Мы обошли здание. Герт шептал мне на ухо: – Прежде всего – ни слова о БНД. Ты начнешь разговор. Потом действуем по обстановке.

Выйдя на перрон, мы посмотрели на юг в направлении товарной станции. На северном конце путей был закрытый мостик – переход через рельсы. Лишь несколько человек ожидало местную электричку, приближавшуюся со стороны Штральзунда. Женщина в униформе управляла высадкой и посадкой пассажиров. Свистком и взмахом руки она отправила поезд в путь.

В сопровождении громкого звонка дверцы перехода снова открылись. Женщина в форме все еще стояла там и вопрошающе глядела на нас. – Нам нужен начальник станции, – обратился я к ней. Она оценивающе обозрела нас с ног до головы и ответила немного дерзко: С Запада, да? На мой кивок она указала на старую деревянную дверь, выкрашенную такой же восхитительной гэдээровской серой краской, что и весь вокзал. – Господина начальника станции вы найдете вон там. Просто заходите, мой муж сидит за своим столом. Потом она снова исчезла в маленьком помещении кассы, где она продавала билеты.

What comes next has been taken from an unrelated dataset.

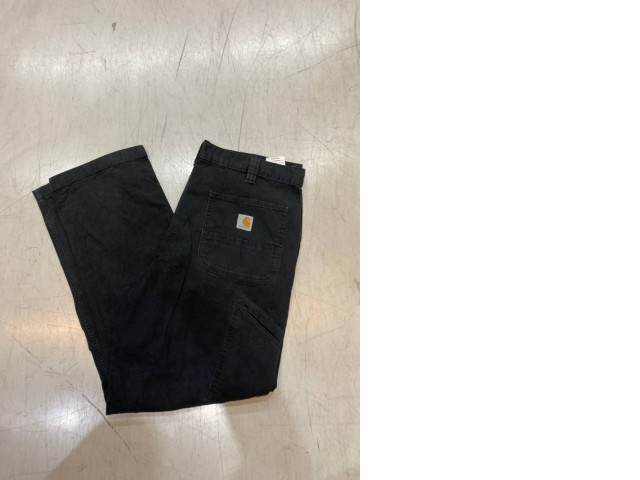 Set of 2 SECONDHAND men's pants size L Set of 2 SECONDHAND men's pants size L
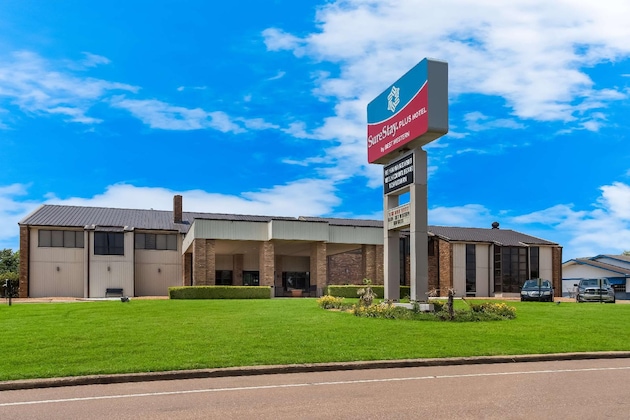 Gallery - Surestay Plus Hotel By Best Western Greenwood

Мы постучали в деревянную дверь. Оттуда раздался голос: – Кто там? Дверь была закрыта.

– Мы хотели бы поговорить с вами.

Повернулся ключ, и перед нами стоял высокий и худой человек, лет сорока пяти, довольно бледный. Я показал ему свое удостоверение БНД такое короткое время, что он точно не успел его рассмотреть. – Мы из Федерального правительства, и нам срочно нужно с вами поговорить.

Теперь он широко распахнул дверь и попросил нас войти. На его лбу выступили крупные капли пота. Человек этот дрожал всем телом. Он попытался что-то сказать, но мог только заикаться: – Федеральное правительство – да – но – почему – что – я мог бы – вы хотите – пожалуйста, садитесь. Как потерянный, он попытался передвинуть пару документов на своем столе. Его жидкие волосы, лишь слегка прикрывающие лысину, взмокли от пота.

Я попытался его успокоить. – Это же вы вывесили тогда знамя ФРГ перед вокзалом? Я редко видел таких мужественных людей. Эта история нас очень впечатлила. Он глубоко вздохнул. Похоже, он в первый раз вдохнул воздух с момента нашего прибытия. Его лицо постепенно смягчилось. – Ну, садитесь, наконец, и расскажите, как все это было. Почти механически он отодвинул свой стул, но по-прежнему вел себя так, будто ему предстоял допрос в Штази. Прямой, как бы закостеневший, стиснувший колени, сцепивший пальцы. – Вы приехали не из-за моей должности? Тут мы принялись решительно это отрицать.

После этого он постепенно начал оттаивать и принялся рассказывать.

– Ах, вы знаете, эта история с флагом доставила мне немало неприятностей. Партийное руководство в Бергене сразу после этого внесло меня в черный список и делало все возможное, лишь бы меня уволить. Потом на некоторое время все стихло, потому что все были заняты только тем, как бы устроиться в новой системе. Но теперь старые партийные кадры снова сидят на ключевых позициях, один из них – в дирекции железных дорог в Ростоке. И он теперь, как и раньше, мой начальник. Я был одним из первых, поддержавших "поворот", поэтому старые партийцы все время стараются от меня избавиться. Они называют меня дезертиром. Потому, когда вы вошли, я сразу подумал, что сегодня мой последний рабочий день.